--- Data for the task Enclosed Below ---

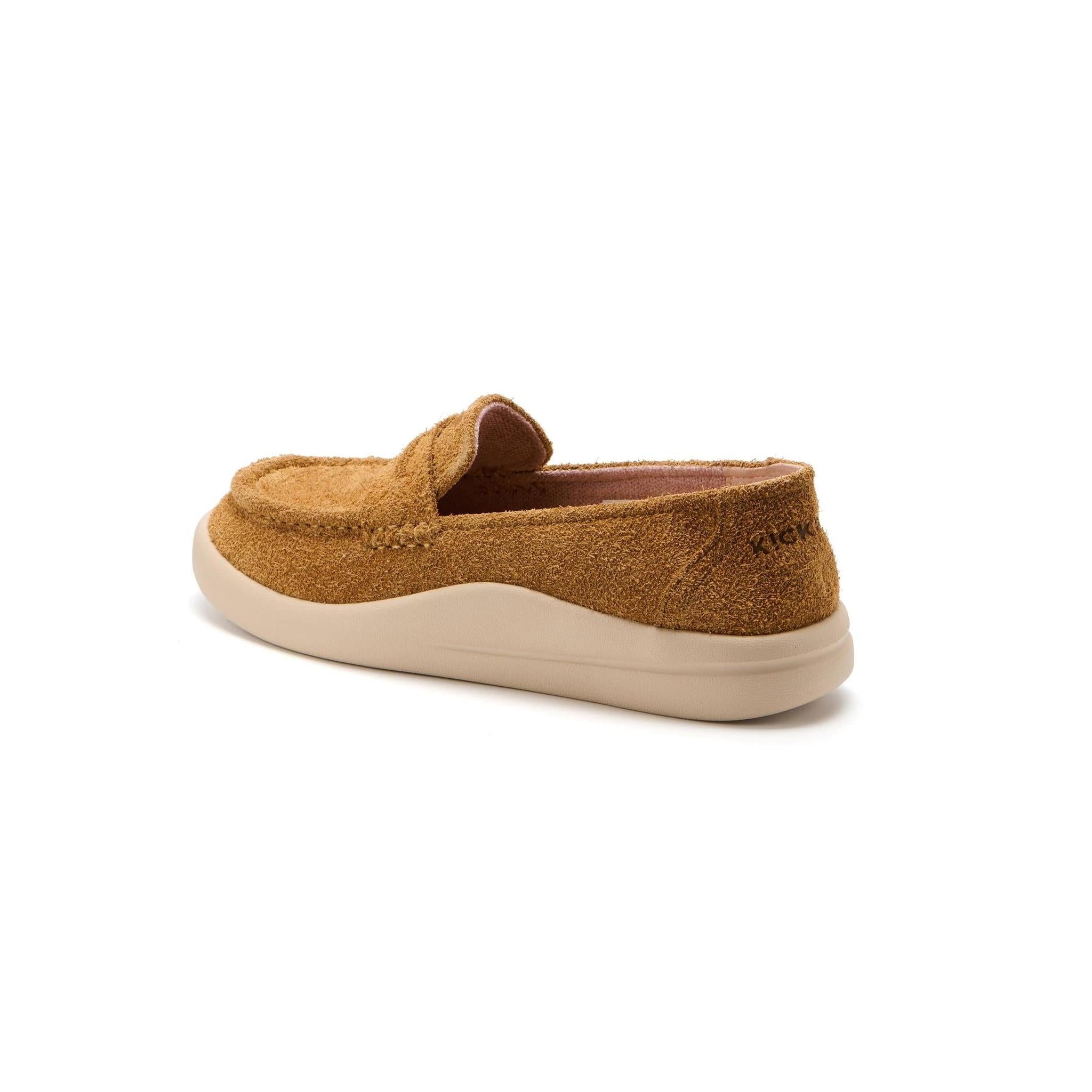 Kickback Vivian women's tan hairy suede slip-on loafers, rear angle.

--- End of Enclosed Data for the task ---
--- Data for the task Enclosed Below ---

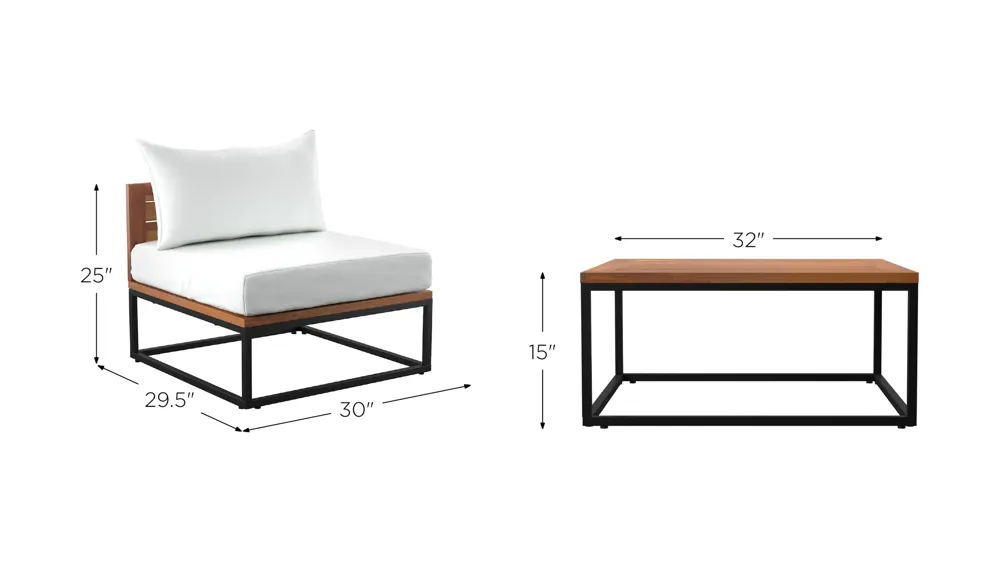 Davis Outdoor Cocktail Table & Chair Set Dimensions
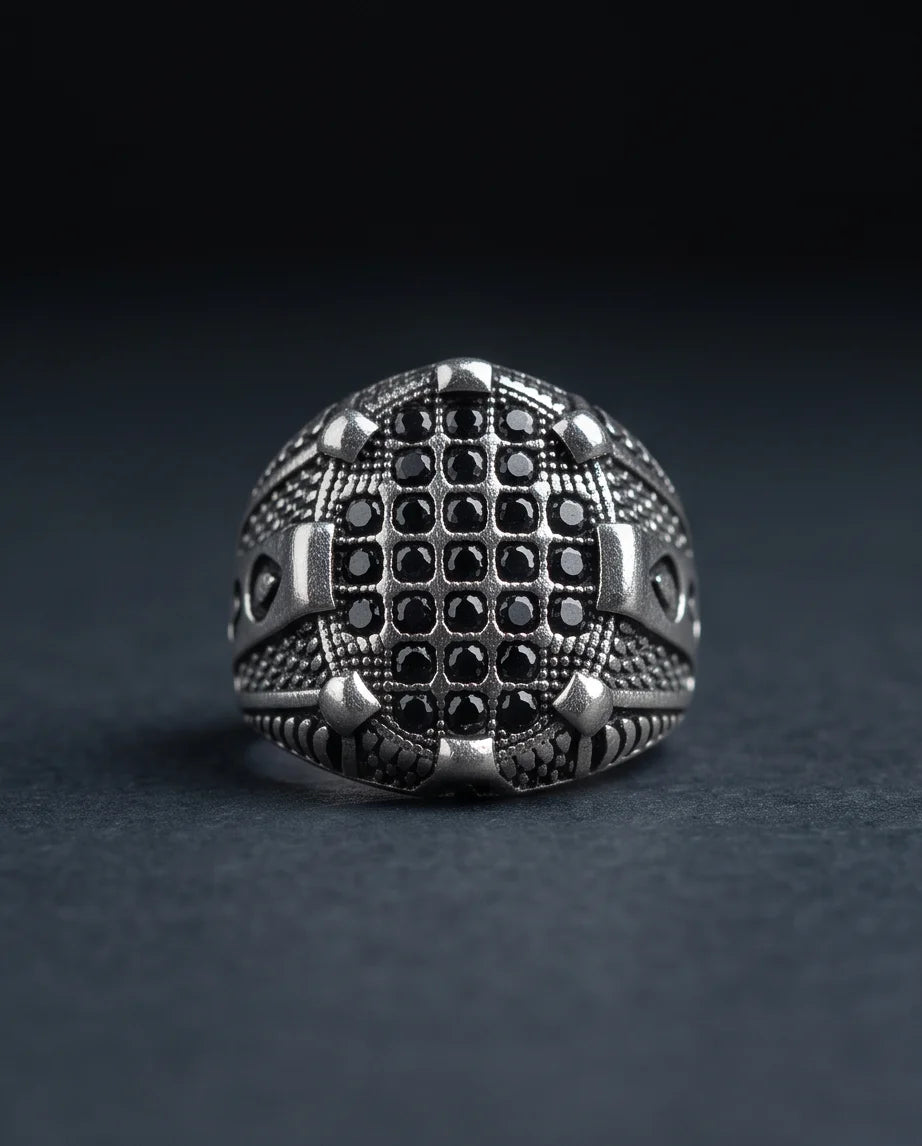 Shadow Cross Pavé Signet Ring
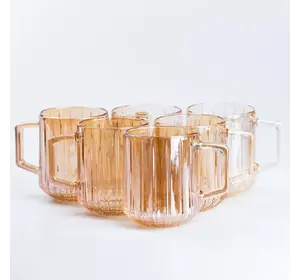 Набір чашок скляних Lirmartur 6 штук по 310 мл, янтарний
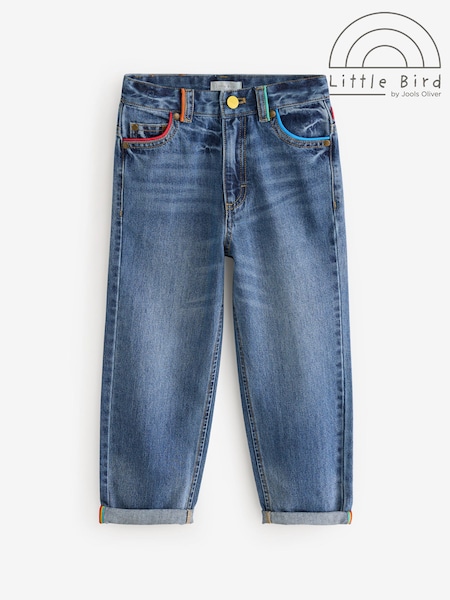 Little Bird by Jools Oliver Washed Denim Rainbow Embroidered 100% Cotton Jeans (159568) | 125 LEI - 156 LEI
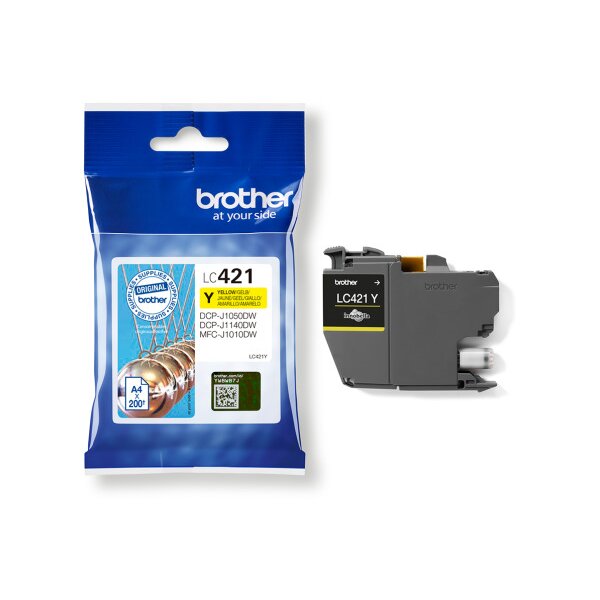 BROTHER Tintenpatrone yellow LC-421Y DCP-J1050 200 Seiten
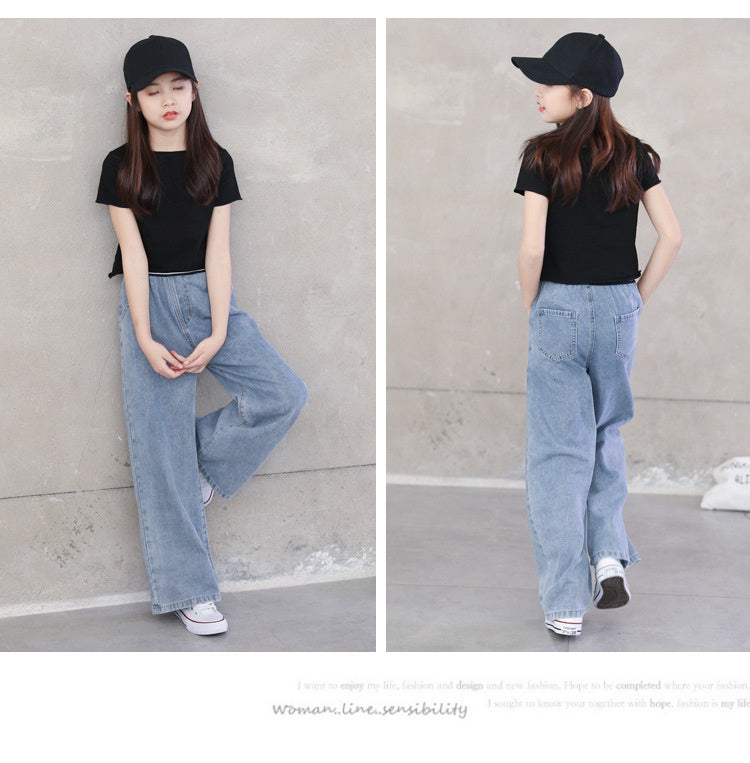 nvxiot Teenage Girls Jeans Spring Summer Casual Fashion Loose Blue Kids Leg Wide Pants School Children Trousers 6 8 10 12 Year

--- End of Enclosed Data for the task ---

# Work task
Repeat only the stretch of data above that runs from the line with "Davis Outdoor Cocktail" to the line with "nvxiot Teenage Girls". Keep both end lines; exclude pictures.

# Exercise solution
 Davis Outdoor Cocktail Table & Chair Set Dimensions
 Shadow Cross Pavé Signet Ring
 Набір чашок скляних Lirmartur 6 штук по 310 мл, янтарний
 Little Bird by Jools Oliver Washed Denim Rainbow Embroidered 100% Cotton Jeans (159568) | 125 LEI - 156 LEI
 BROTHER Tintenpatrone yellow LC-421Y DCP-J1050 200 Seiten
 nvxiot Teenage Girls Jeans Spring Summer Casual Fashion Loose Blue Kids Leg Wide Pants School Children Trousers 6 8 10 12 Year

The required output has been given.